== Your instructions ==
Repeat the entries below exactly, pictures excluded.

== Records for the task ==
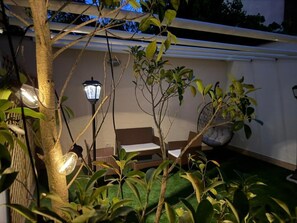 Zona patio con tavolo e sedie, circondata da vegetazione e un muro.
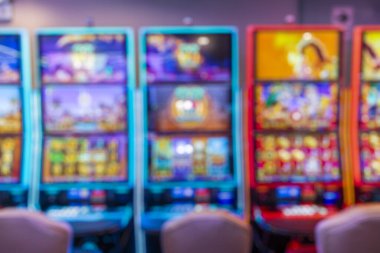 Renkli kollu kumar makineleri ve neon ışıkları olan modern bir kumarhane. Bulanık arka plan kumar, eğlence, oyun ve eğlence ile ilgili konular için uygun dinamik bir ortam yaratıyor..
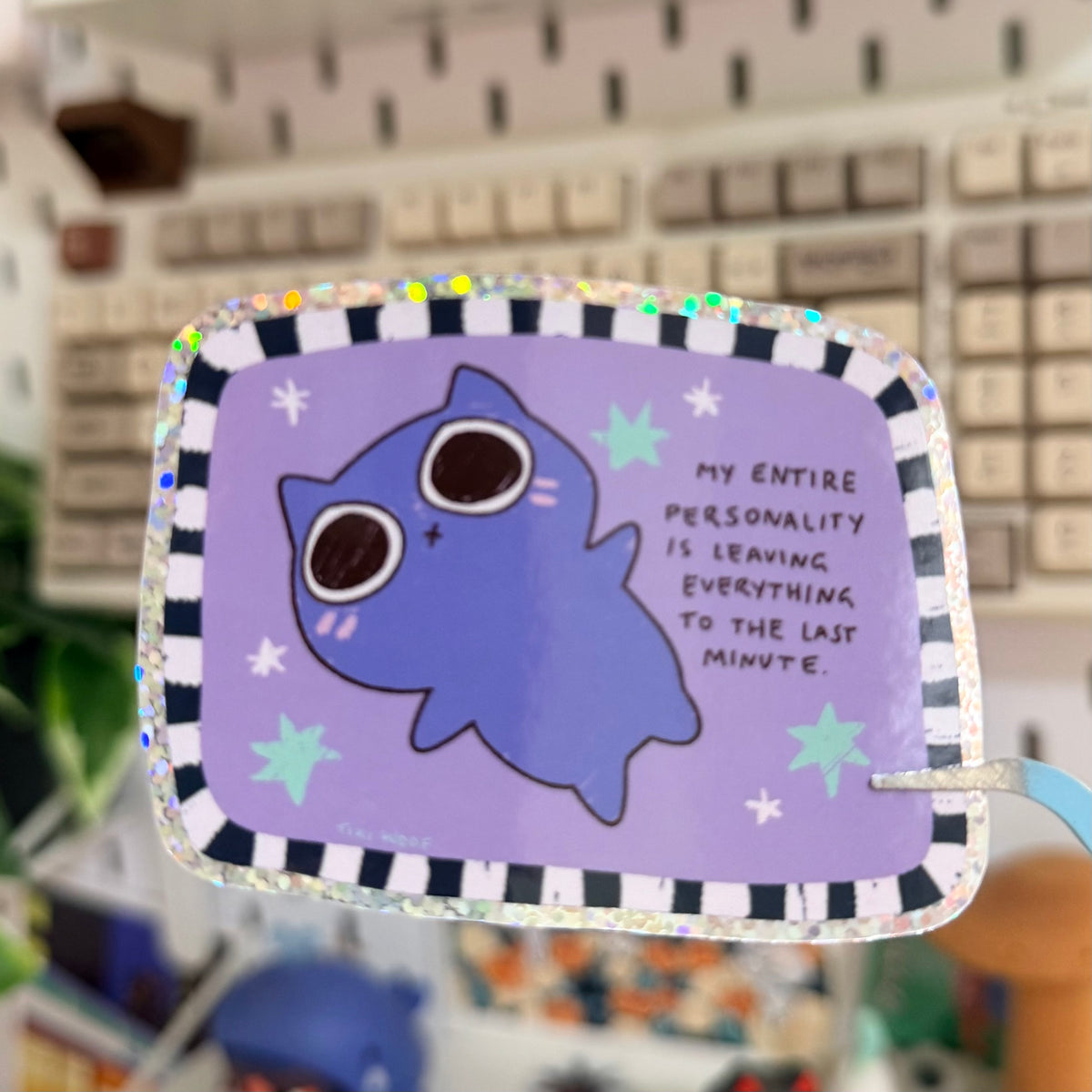 Entire Personality Glitter Sticker featuring purple character on a starry design with a personality quote.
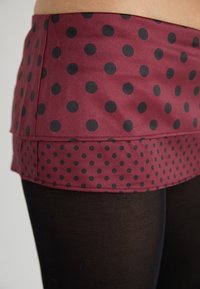 Tissu bordeaux avec des pois noirs, comprenant deux couches : un haut uni et un ourlet volanté à pois. Associé à des leggings noirs.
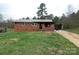 Exterior view of a single-story brick home featuring a metal roof and a spacious front yard at 1842 Quail Run Dr, Kingstown, NC 28150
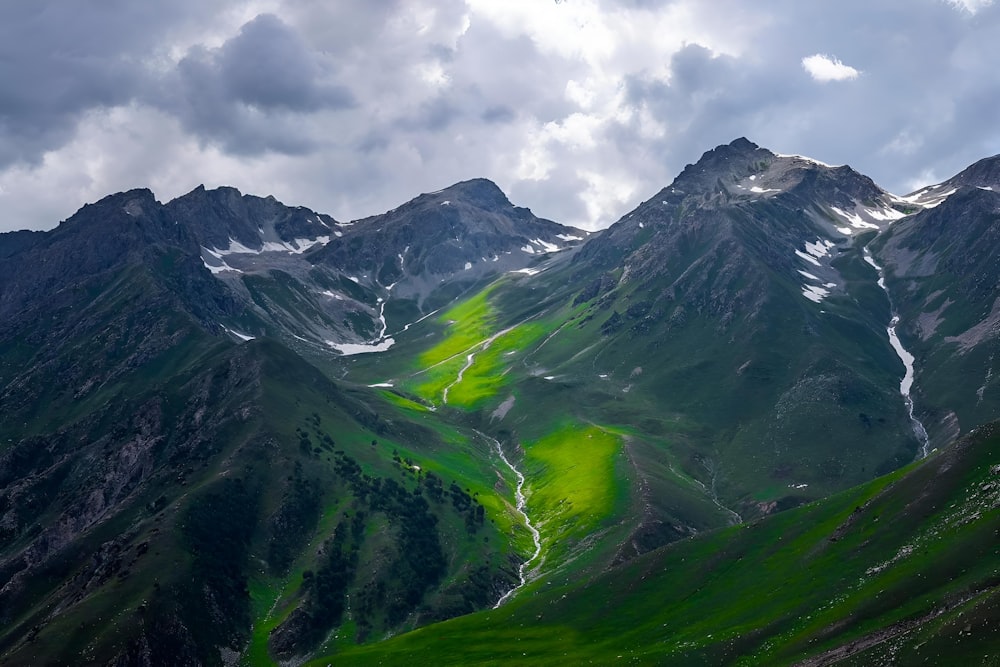 a view of a mountain range with green grass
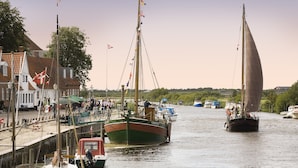 A harbor with boats docked, a pier with people, and buildings in the background. - Ribe Byferie Resort (Ribe)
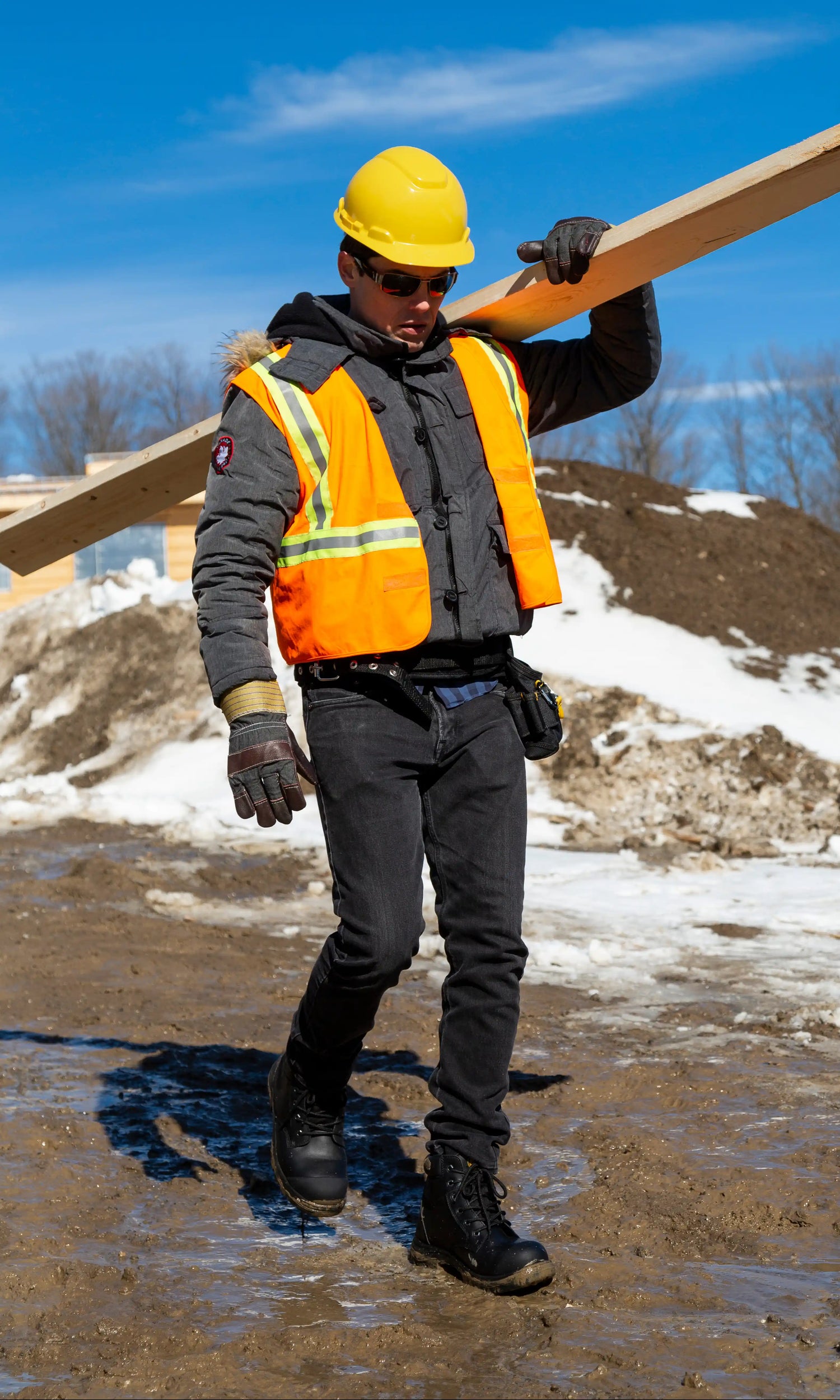 PPE man in safety boots carrying a wooden board on a construction site with snow and blue sky in the background.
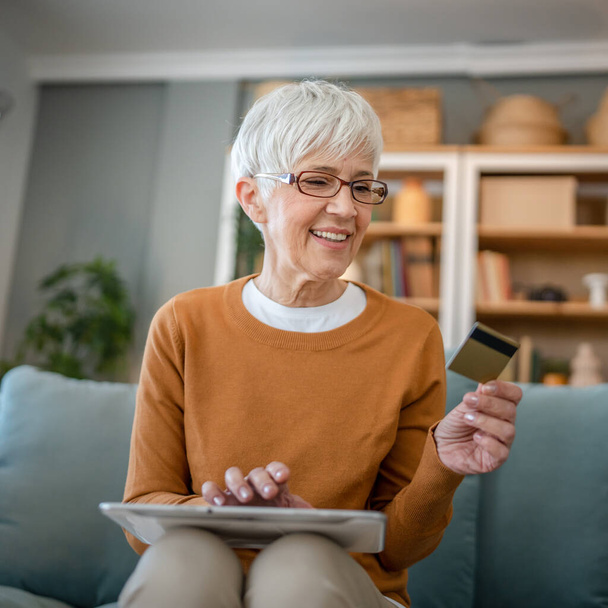 Yetişkin bir yaşlı kadın büyükanne evde oturup online alışveriş siteleri için kredi kartı ya da banka kartı kullanıyor. İndirimli indirimli ürünler alıyor. Gerçek insanlar dijital tablet kullanıyor. - Fotoğraf, Görsel
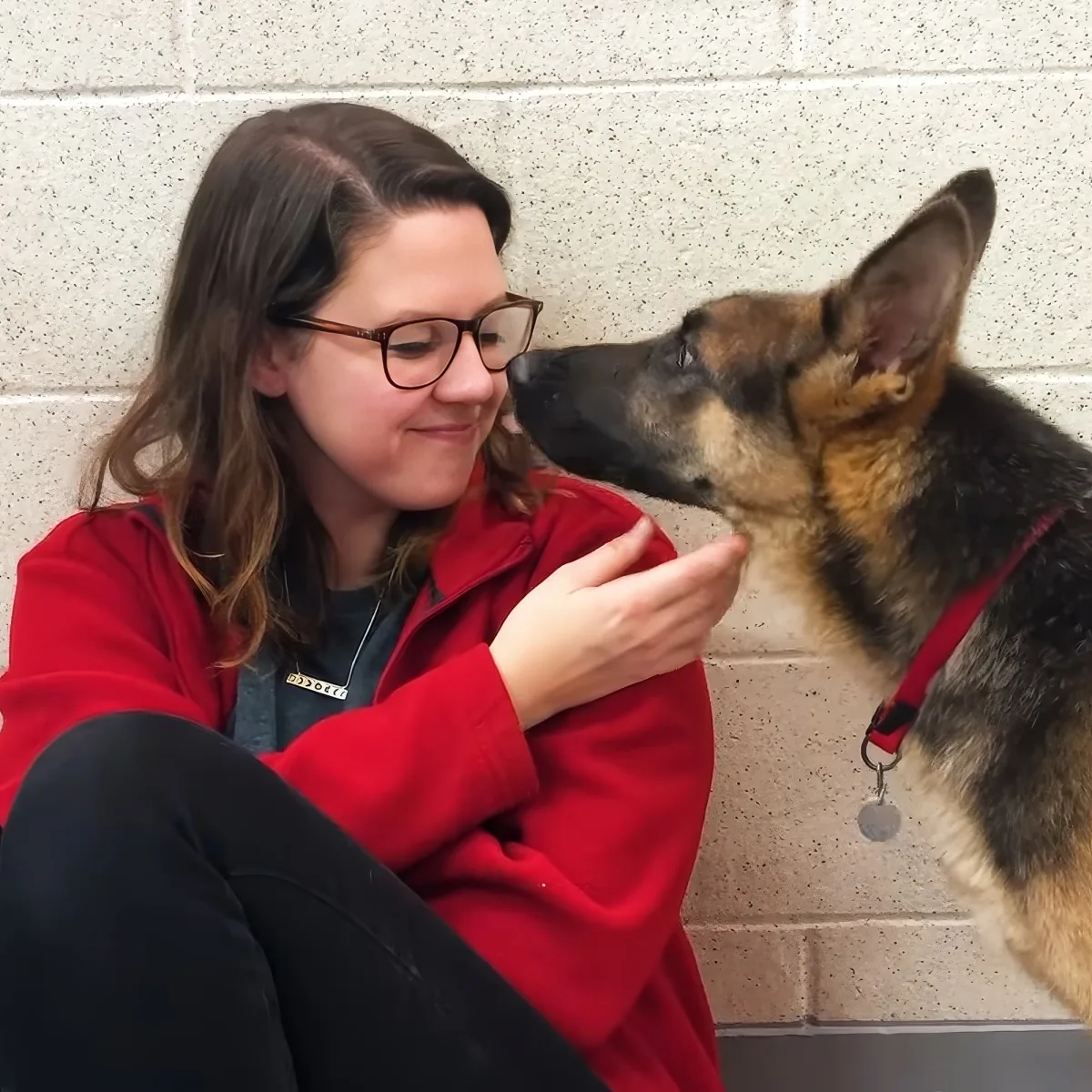 A woman in a red jacket pets a German Shepherd dog against a concrete wall.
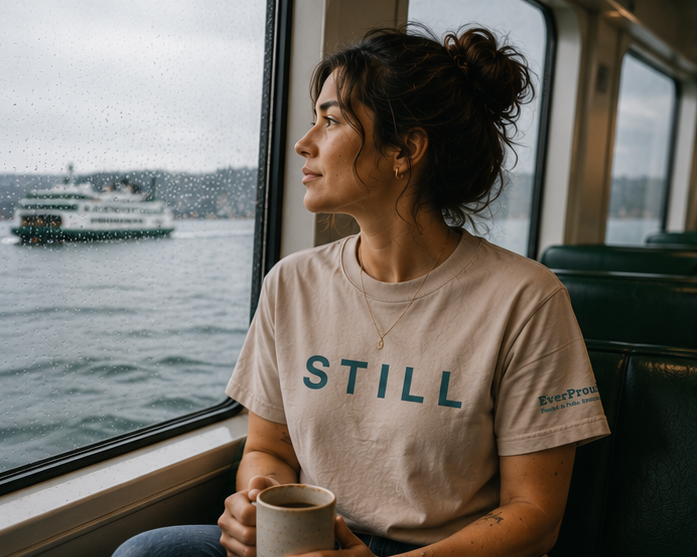 Still T-Shirt at a Pacific Northwest ferry window — queer-owned PNW Pride apparel, front view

== Output for this exercise ==
 Zona patio con tavolo e sedie, circondata da vegetazione e un muro.
 Renkli kollu kumar makineleri ve neon ışıkları olan modern bir kumarhane. Bulanık arka plan kumar, eğlence, oyun ve eğlence ile ilgili konular için uygun dinamik bir ortam yaratıyor..
 Entire Personality Glitter Sticker featuring purple character on a starry design with a personality quote.
 Tissu bordeaux avec des pois noirs, comprenant deux couches : un haut uni et un ourlet volanté à pois. Associé à des leggings noirs.
 Exterior view of a single-story brick home featuring a metal roof and a spacious front yard at 1842 Quail Run Dr, Kingstown, NC 28150
 a view of a mountain range with green grass
 A harbor with boats docked, a pier with people, and buildings in the background. - Ribe Byferie Resort (Ribe)
 PPE man in safety boots carrying a wooden board on a construction site with snow and blue sky in the background.
 Yetişkin bir yaşlı kadın büyükanne evde oturup online alışveriş siteleri için kredi kartı ya da banka kartı kullanıyor. İndirimli indirimli ürünler alıyor. Gerçek insanlar dijital tablet kullanıyor. - Fotoğraf, Görsel
 A woman in a red jacket pets a German Shepherd dog against a concrete wall.
 Still T-Shirt at a Pacific Northwest ferry window — queer-owned PNW Pride apparel, front view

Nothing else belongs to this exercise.